I've been testing VASP 5.3's k-point parallelism with a 513-atom surface slab model. Built with Intel 13 against MKL and OpenMPI 1.4.2. I limit the available virtual memory via ulimit to 10000000 kB in order to avoid knocking nodes over, each of which is dual quad-core Nehalem. The job is configured to put only 4 MPI processes per SMP node.
INCAR contains in part
Code: Select all
?GGA=PE
ENCUT=400.0
NELMIN=4
EDIFF=1E-6
LREAL=.TRUE.
ISMEAR?=?1??;??SIGMA=0.1
NCORE=4
KPAR=2
NSIM=4
LPLANE=.TRUE.
IALGO=48
LWAVE=.FALSE.
LCHARG=.FALSE.
LSCALAPACK=.TRUE.
LSCALU=.FALSE.
Maximum memory used (kb): 1387044.
Average memory used (kb): 0.
So assuming that figure is per-process, utilization may be up to 4*1387044/(1024^2) = 5.3 GB. Good so far.

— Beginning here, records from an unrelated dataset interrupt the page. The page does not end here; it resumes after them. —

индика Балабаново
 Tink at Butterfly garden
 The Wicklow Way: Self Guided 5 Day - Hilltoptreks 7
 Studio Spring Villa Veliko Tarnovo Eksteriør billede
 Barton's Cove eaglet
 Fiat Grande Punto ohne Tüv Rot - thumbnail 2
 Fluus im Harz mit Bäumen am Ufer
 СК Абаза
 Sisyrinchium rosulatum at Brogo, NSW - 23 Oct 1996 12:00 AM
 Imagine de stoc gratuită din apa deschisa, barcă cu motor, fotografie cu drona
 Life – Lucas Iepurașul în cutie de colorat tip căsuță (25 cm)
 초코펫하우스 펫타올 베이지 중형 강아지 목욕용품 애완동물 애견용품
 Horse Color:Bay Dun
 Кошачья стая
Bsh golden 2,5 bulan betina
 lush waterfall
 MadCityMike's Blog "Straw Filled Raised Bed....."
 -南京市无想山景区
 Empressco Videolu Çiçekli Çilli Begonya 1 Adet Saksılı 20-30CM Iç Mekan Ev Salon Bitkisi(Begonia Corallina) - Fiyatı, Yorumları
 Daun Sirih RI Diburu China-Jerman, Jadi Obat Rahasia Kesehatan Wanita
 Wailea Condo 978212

A two irreducible-k-point test fails right after the electronic relaxation completes (the last OUTCAR output reads "aborting loop because EDIFF is reached"), and stdout contains the messages "forrtl: severe (41): insufficient virtual memory", one per MPI process.
- Does the maximum memory usage per MPI process scale linearly with the number of k-points in the IBZ?
- Is there some data distribution that would permit this job to complete by, e.g., doubling the total number of available SMP nodes and MPI processes, or is data fully replicated across processes?
Thanks